5 Facts About Acquired Functional Speech Disorders

5 Facts About Acquired Functional Speech Disorders

Years ago, I received a consult from the hospital neurology intensive care unit that read, “29-year-old male with multiple CNS signs and symptoms. Please dissect and analyze speech and language.” Clever wording aside, this unfortunate man who had been admitted to the hospital following a blow to the head taught me and my speech-language pathology and neurology colleagues an important lesson. He did indeed have multiple problems with speech and language, but his problems were not organic. Today, they would be called functional in nature and, despite the blow to the head, likely reflected a conversion disorder in response to some very difficult life circumstances.

The patient needed a neurologist and speech-language pathologist to establish that there was no evidence of organic disease, and a speech-language pathologist, psychiatrist, and social worker to help manage his symptoms and their underlying triggers. Fortunately, he recovered from his speech-language symptoms quickly. This case, and hundreds of others over the years, highlight several important facts.

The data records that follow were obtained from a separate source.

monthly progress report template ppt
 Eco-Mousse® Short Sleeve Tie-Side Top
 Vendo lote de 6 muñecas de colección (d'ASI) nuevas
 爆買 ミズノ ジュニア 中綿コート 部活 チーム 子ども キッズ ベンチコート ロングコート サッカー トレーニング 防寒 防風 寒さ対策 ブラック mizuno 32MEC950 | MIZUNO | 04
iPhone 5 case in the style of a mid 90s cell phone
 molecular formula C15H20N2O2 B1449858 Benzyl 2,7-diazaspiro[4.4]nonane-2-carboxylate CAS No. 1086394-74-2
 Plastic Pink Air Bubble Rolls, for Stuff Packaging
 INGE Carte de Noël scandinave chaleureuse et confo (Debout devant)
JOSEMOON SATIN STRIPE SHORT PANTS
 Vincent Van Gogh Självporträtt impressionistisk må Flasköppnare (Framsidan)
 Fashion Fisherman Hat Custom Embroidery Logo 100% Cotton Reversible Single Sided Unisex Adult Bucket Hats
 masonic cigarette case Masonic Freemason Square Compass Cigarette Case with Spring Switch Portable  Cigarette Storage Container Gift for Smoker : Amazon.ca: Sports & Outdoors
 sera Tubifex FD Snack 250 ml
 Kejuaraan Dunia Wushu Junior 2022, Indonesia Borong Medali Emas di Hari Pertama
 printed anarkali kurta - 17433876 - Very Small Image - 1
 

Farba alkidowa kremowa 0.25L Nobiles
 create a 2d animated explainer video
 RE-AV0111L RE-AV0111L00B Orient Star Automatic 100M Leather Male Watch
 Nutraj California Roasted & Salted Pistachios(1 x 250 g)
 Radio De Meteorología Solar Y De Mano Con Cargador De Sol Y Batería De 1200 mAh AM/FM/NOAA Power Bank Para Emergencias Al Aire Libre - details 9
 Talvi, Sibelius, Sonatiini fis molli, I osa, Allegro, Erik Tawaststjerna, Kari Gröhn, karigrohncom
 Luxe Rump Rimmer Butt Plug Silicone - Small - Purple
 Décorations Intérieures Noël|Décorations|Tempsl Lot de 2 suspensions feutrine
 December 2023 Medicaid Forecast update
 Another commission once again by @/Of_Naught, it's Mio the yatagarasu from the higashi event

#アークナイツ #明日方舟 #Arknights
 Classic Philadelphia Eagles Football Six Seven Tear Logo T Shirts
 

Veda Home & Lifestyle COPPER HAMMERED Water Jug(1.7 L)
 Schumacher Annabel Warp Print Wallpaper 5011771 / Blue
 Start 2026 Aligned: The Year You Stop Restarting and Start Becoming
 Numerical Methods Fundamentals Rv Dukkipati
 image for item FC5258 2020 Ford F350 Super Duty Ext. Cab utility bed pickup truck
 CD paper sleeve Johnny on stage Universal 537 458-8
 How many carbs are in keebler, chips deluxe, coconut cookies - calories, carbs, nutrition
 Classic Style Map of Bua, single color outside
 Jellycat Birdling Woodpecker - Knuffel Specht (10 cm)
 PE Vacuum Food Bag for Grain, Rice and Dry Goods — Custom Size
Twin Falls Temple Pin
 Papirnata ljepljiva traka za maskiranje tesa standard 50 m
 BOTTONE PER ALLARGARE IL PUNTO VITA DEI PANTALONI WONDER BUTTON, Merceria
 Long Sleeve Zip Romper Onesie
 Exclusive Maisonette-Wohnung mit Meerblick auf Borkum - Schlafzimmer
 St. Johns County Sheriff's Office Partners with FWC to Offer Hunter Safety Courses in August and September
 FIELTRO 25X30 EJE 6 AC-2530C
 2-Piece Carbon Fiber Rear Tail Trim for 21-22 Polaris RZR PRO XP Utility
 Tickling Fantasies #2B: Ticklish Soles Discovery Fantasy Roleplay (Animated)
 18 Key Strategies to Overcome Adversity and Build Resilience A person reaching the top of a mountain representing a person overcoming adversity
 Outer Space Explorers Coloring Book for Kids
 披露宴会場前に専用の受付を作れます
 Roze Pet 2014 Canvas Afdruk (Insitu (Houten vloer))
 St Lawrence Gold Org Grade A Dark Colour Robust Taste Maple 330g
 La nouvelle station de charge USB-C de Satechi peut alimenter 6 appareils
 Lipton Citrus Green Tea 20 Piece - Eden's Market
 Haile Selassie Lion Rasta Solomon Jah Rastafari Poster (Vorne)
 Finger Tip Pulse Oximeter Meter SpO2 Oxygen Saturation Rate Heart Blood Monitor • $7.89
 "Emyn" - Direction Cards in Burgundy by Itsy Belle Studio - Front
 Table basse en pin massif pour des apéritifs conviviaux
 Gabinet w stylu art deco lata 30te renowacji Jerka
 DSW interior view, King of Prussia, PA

5 Facts about Acquired Functional Speech Disorders

1. These disorders are quite common

Unexplained physical symptoms without relevant organic pathology account for a substantial percentage of visits to general medical clinics, and many new patients seen in neurology outpatient clinics have functional/psychogenic neurologic symptoms. The frequency of these problems and the challenges they present have been described as “a crisis for neurology.”

2. We often fail to recognize them

Functional speech disorders are probably more frequent than many of us believe. This means that we may see these problems often but we fail to recognize them. The bottom line is that patients can develop functional speech disorders that mimic neurologic speech disorders in adulthood. Recognizing them as functional is critical to medical/neurologic diagnosis.

3. We need to discern these disorders from organic ones

The key to recognizing acquired functional speech disturbances is to know the rules of the game relative to organic, neurologically-based motor speech disorders. If we can recognize the typical manifestations of each type of dysarthria and apraxia of speech, we can map the boundaries of organicity and raise red flags when a speech problem goes beyond those boundaries. The development of these skills requires considerable clinical experience, but all clinicians need to recognize during their assessment of unusual acquired speech disorders that the boundaries can be crossed.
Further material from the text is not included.